UK Energy minister heralds ‘once in a lifetime opportunity’ for wave and wind-ustry sector to deliver economic growth

 

Maria McCaffery, Chief Executive, Renewable UK
Maria McCaffery, Chief Executive, Renewable UK

The UK government’s Marine Energy Programme Board today forecasts a ‘once in a lifetime opportunity’ for the wave and wind-ustry sector to deliver on expectations to build a ‘new energy industry’ which could deliver jobs and business and environmental benefits.

These latest findings of the MEPB board will be highlighted today by video-link at a wind-ustry conference in Belfast by UK Energy Minister Greg Barker, MP – where Scottish Energy Minister Fergus Ewing, MSP, is speaking in person.

The MEPB notes that the UK is expected to capture a significant share of a global wave and tidal market, which will be worth £800 million per year to the UK economy by 2035. This market is set to reach a cumulative total of £48 billion between now and 2050.

The UK has already installed more devices to generate clean electricity from wave and tidal energy than the rest of the world put together.

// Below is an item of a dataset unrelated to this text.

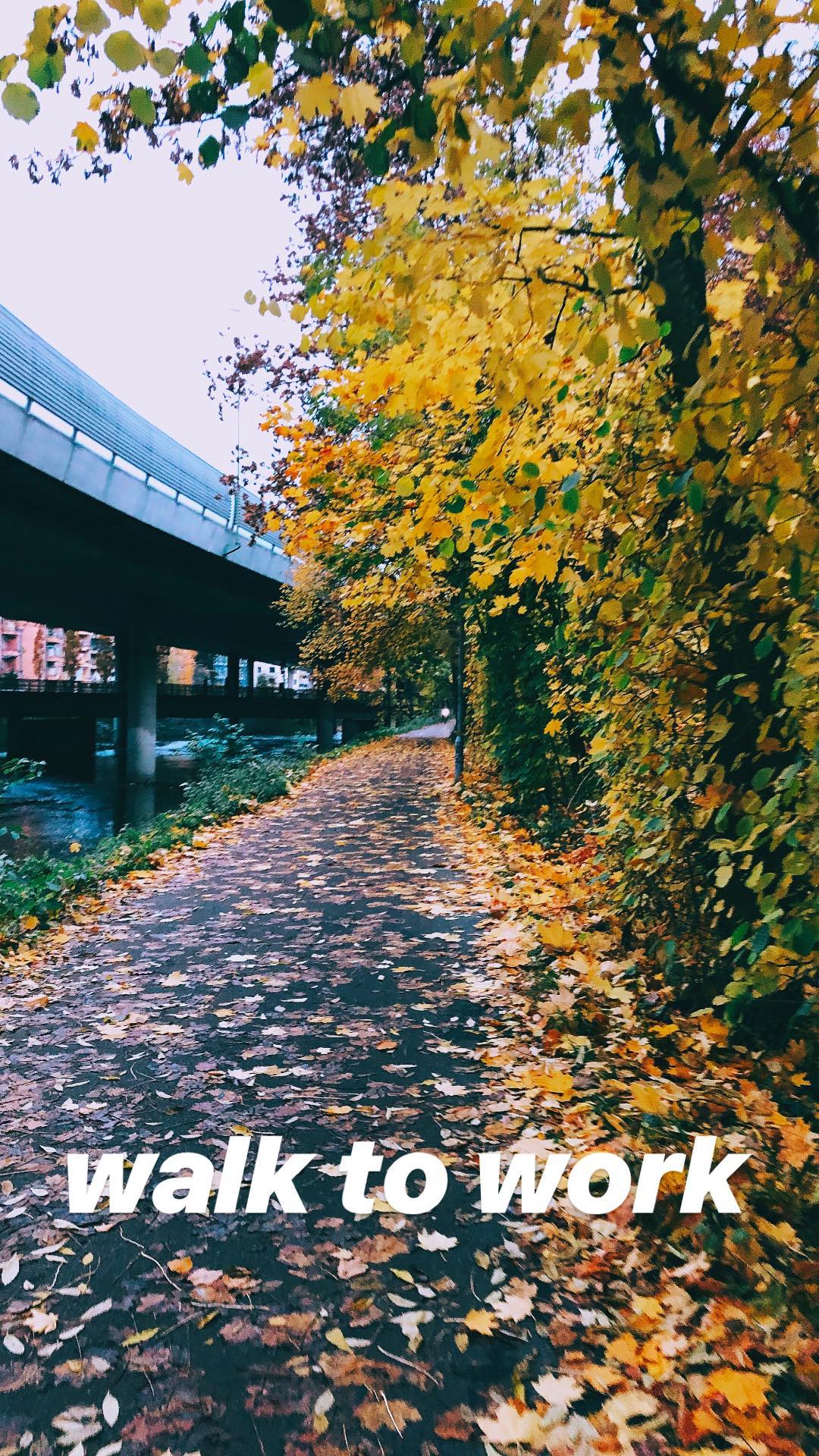 Image for post 1542146181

Capacity is set to increase dramatically from 9.3 megawatts at present to 100-200MW by 2020.  Figures from Renewable-UK studies show the sector already employs 1,724 people in the UK – this is set to increase to 6,000 by 2023.

Certainly, the wind-ustry is generating an increasing number of new jobs in engineering and manufacturing in the north of Scotland as companies emigrate from the traditional Central Belt industrial heartlands to hitherto ‘peripheral’ areas around mainland and island coastal communities and harbour facilities.

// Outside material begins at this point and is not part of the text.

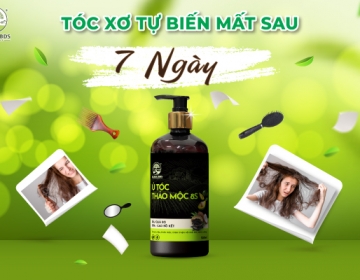 Frizzy Hair Disappears After 7 Days - Solution with 8S Herbal Hair Conditioner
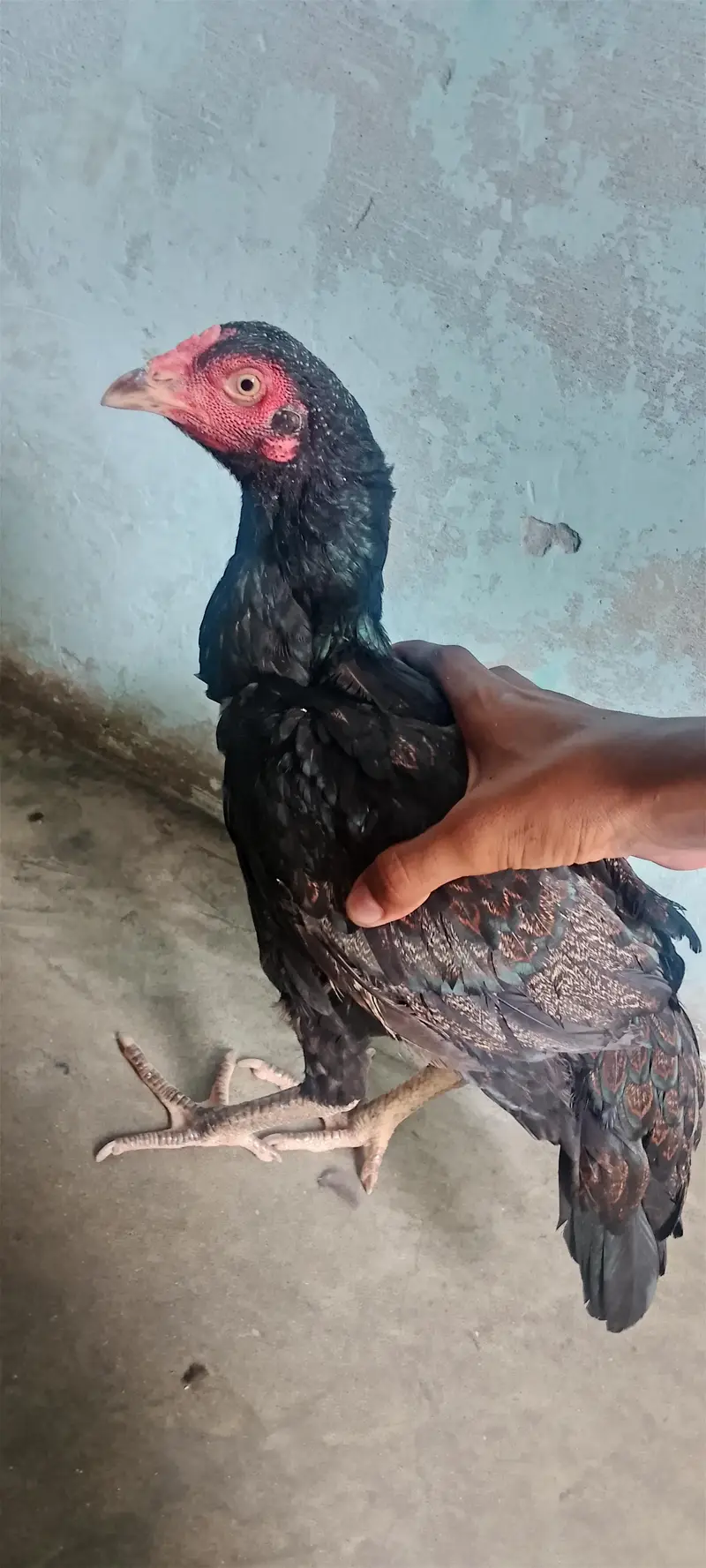 eggs laying hen — photo 2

Maria McCaffery, Chief Executive, Renewable-UK, said: “There is massive potential for the wave and tidal energy industry and its supply chain to bring huge economic benefits to the UK and generate significant amounts of clean electricity.  Every £1 of public money invested in the sector attracts £6 from the private sector. There is also great export potential for UK plc. 

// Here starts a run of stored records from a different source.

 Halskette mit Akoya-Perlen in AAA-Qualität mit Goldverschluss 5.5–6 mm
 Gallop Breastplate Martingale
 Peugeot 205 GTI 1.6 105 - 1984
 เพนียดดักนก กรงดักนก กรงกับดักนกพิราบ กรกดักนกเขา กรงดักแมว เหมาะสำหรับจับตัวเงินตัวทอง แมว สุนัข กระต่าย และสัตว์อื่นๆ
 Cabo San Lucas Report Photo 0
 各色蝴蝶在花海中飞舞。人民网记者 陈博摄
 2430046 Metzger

“However, the industry is at a critical stage of its development as it moves towards full commercialisation.  Companies won’t invest in larger facilities until there is sufficient market visibility, coupled with the right combination of capital and revenue support, reflecting the current needs of the wave and tidal sectors.  

“Worldwide, a number of countries are positioning themselves to benefit from wave and tidal energy going mainstream.”

The French government is investing €200 million in developing tidal arrays (a group of devices linked together in the water) including state of the art facilities in the port of Cherbourg, while Canada is launching a development programme in the Bay of Fundy – which industry observers say that this illustrates how hotly the wave and tidal prize will be contested in the future.